Posts Tagged ‘Dumbledore Hypothesis of Cognitive Aging’

More on Attention and Cognitive Control

March 8, 2010

Upon inspection there are probably few cognitive tasks that could not benefit from better expenditures of attention.  Consider reading, for example.  I frequently find myself rereading portions of text that I have just read either because my attention waned or I was skimming and missed essential information while skimming.  Acronyms typically present a problem for me.  I need to reread the text to pick up the acronym, whereas if I had expended the necessary attention encoding the acronym when it was first encountered, I would not have lost the considerable time spent in rereading.  Summarizing as one reads can be beneficial.  And don’t overlook critical reading.  Does the text hold together logically?  Does it make sense?  If the text is nonfiction, can you think of any external information that contradicts the text.  Keep the mind active when reading.  Sometimes we can fall into the habit of moving our eyes and turning the page without engaging the mind to the extent needed.

The psychologist Stine-Morrow has developed an hypothesis of cognitive aging.1  The Stine-Morrow Hypothesis stresses the importance of the appropriate allocation of attention and effort in warding off cognitive declines.  In other words, the Stine-Morrow Hypothesis stresses the importance of effective cognitive control in warding off cognitive decline.
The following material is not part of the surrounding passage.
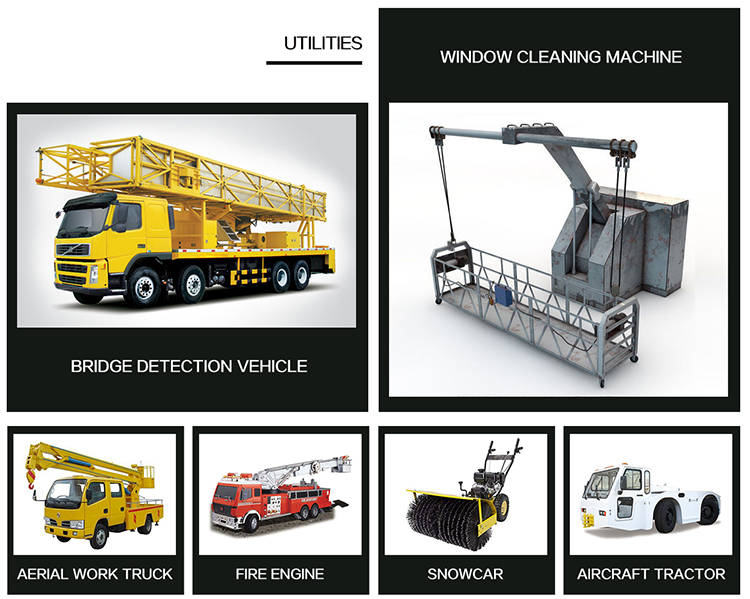 Işık tipi top eğimli y&uuml;z&uuml;k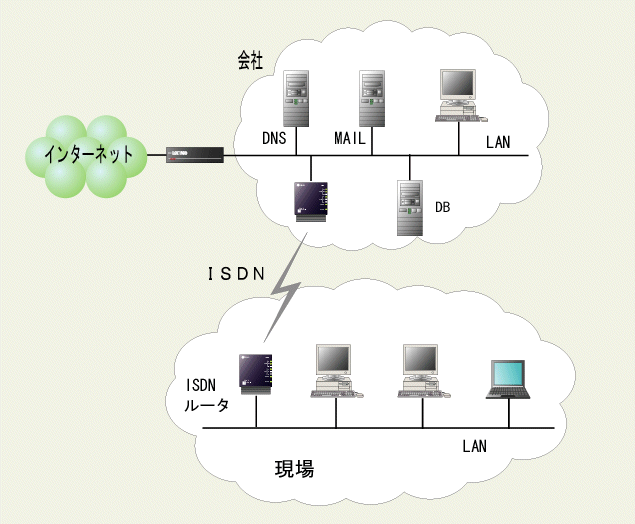 isdn2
Her ideas coincide nicely with those of Michael Merzenich, Ph.D., a professor at the Keck Center for Integrative Neuroscienses at the University of California at San Diego.  In turn, Dr. Merzenich’s ideas fit nicely with Kahneman’s Two System Theory that was presented in a previous blog post, “The Two System View of Cognition.”  Remember that System Two processes are effortful and require attention.  System One processes, which are the product of learning and experience, are relatively effortless.   The older an individual is, the more developed are those System One processes that facilitate cognition.  Consequently, there is a great temptation to rely upon these System One processes and become a creature of habit.  Merzenich and the Stine-Morrow Hypothesis warn against relying too heavily on System One Processes.  Effortful engagement of System Two processes can be beneficial in warding off cognitive decline.  System Two processes are engaged whenever we try or learn new things.  Thus engaging in new activities and in new areas of knowledge can be quite beneficial. 

1Stine-Morrow, A. L. (2008).  The Dumbledore Hypothesis of Cognitive Aging.  Current Directions in Psychological Science, 16, 295-299.